Bestselling romancer Deveraux (High Tide, 1999, etc.) has a great sense of fun, although the plot of this sexy Highland...

A fiery social activist will do anything to advance the cause of women’s rights . . . but in 1909, she’ll have to do her stepfather’s bidding first.

Temperance O’Neil’s beloved mother has married Angus McCairn, a dour Scotsman, who points out that (1) he now controls all of the family money, and (2) he wants Temperance to behave like a dutiful daughter and stop financing crackpot schemes to teach the prostitutes on the streets of New York more ladylike but less lucrative job skills such as hat-making.
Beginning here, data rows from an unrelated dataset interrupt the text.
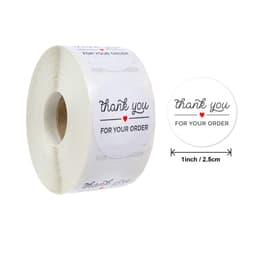 image-Round Thank You For Ordering Sticker Store Gift White Label Sticker 500 Pcs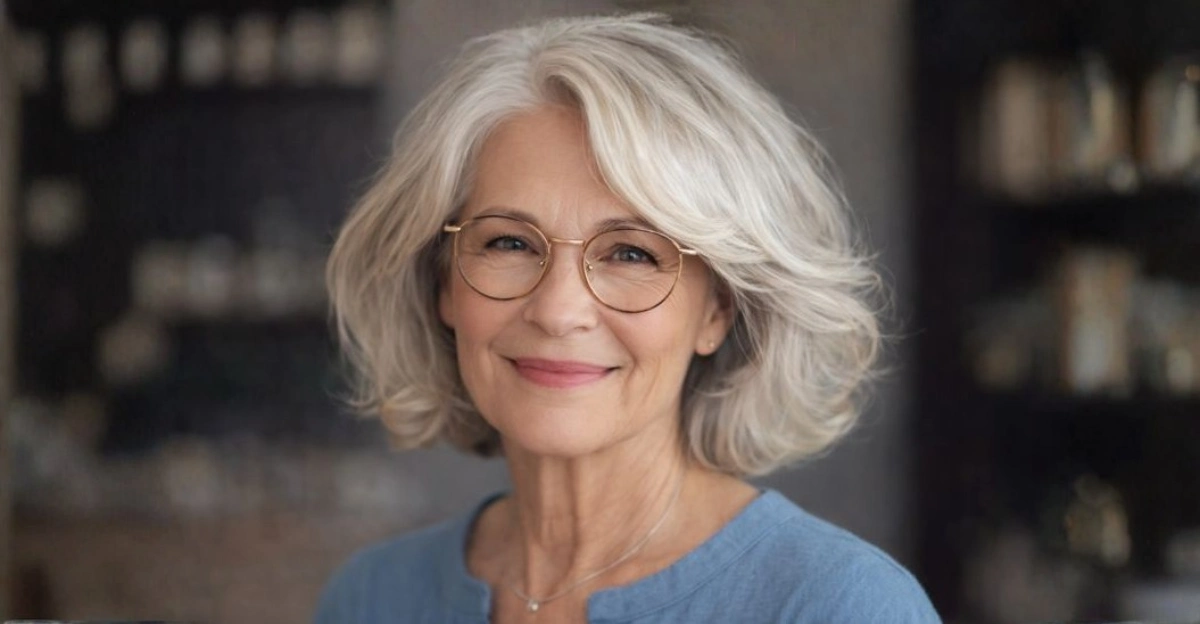 Long bob with face-framing layers on a woman over 70 wearing glasses.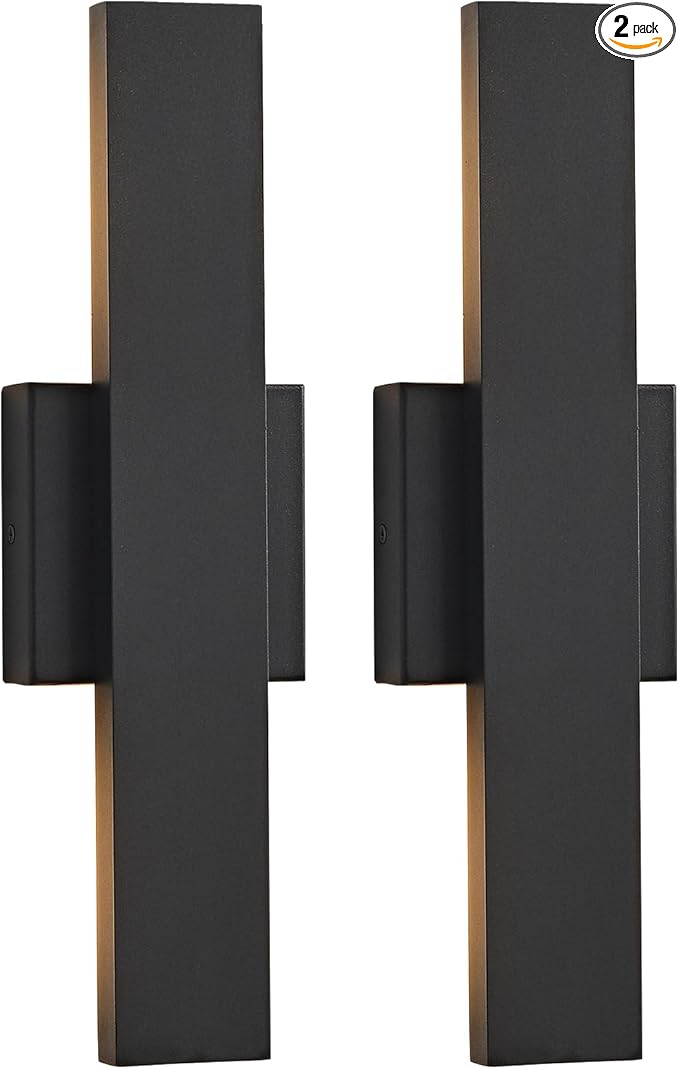 Outdoor Modern LED Wall Light Fixtures Black Linear Exterior Wall Sconces 20W Modern Porch Patio Light Fixture Waterproof Outdoor Wall Lights Outside Lights for House Garage Front Door Patio 2pack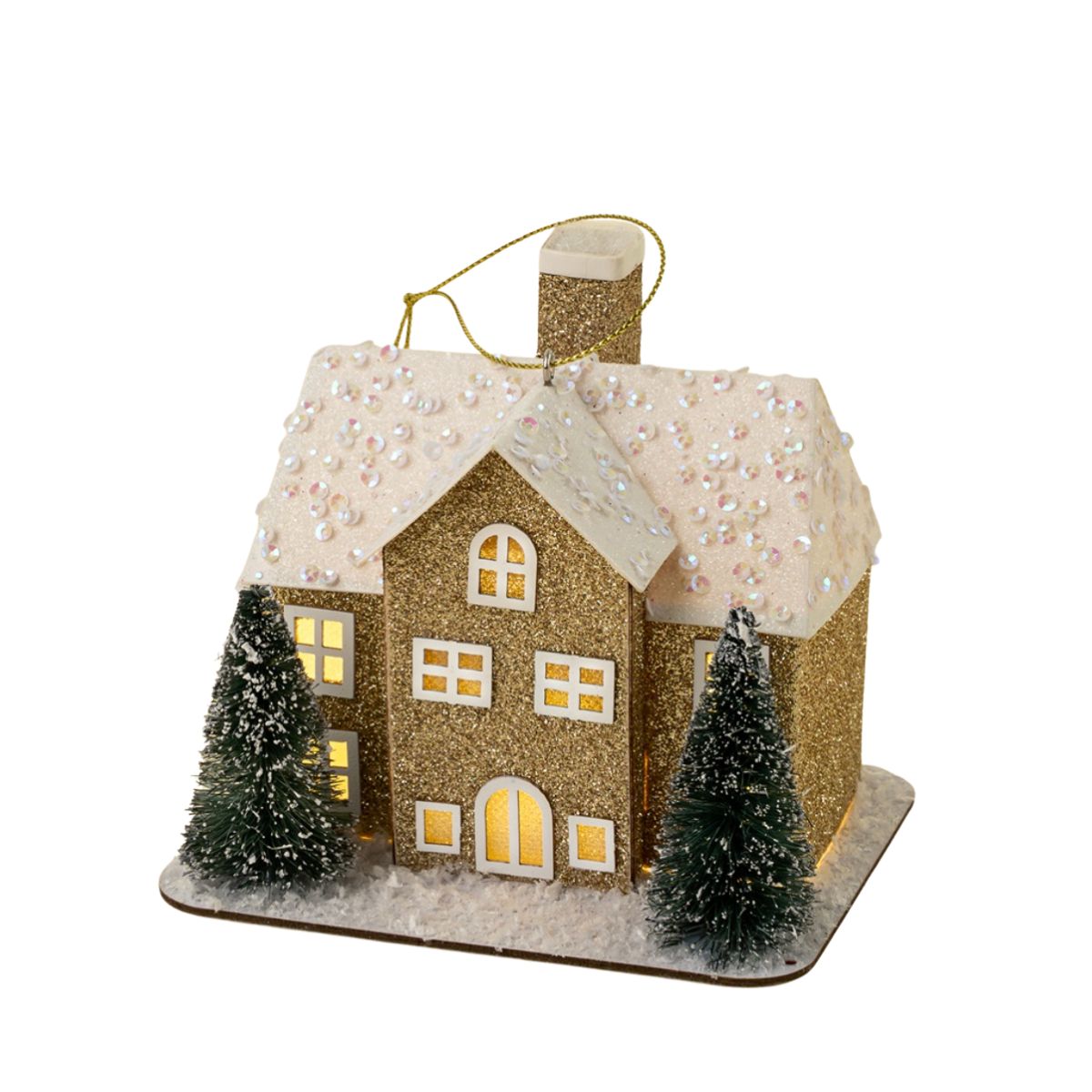 Glitter LED House Ornament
Temperance reluctantly agrees, but she balks at Angus’s next request: that she pose as a housekeeper at his ancestral estate, in Edinburgh, in order to somehow force his bachelor nephew James into leaving the old place and marrying. Somebody. Anybody. Angus doesn’t care who it is, but he won’t give the furious Temperance a nickel more unless she complies. So off she goes, grumbling comically all the way to Scotland, and meets James, a gruff but good chip off the McCairn block. Predictable misunderstandings ensue—and Temperance likes housework not at all. But she does like the young and handsome James, who’s struggling to gain control of his own inheritance, starting with finding it. Many a McCairn before him has succumbed to the lure of the gaming tables, and who’s to say where the money is now? Not to mention all those confusing clauses in a tight-fisted relative’s last will and testament that . . . oh, never mind. It’ll all end in a mix-up, with the unmarried Temperance back in New York with a squalling infant McCairn in her arms—but no James.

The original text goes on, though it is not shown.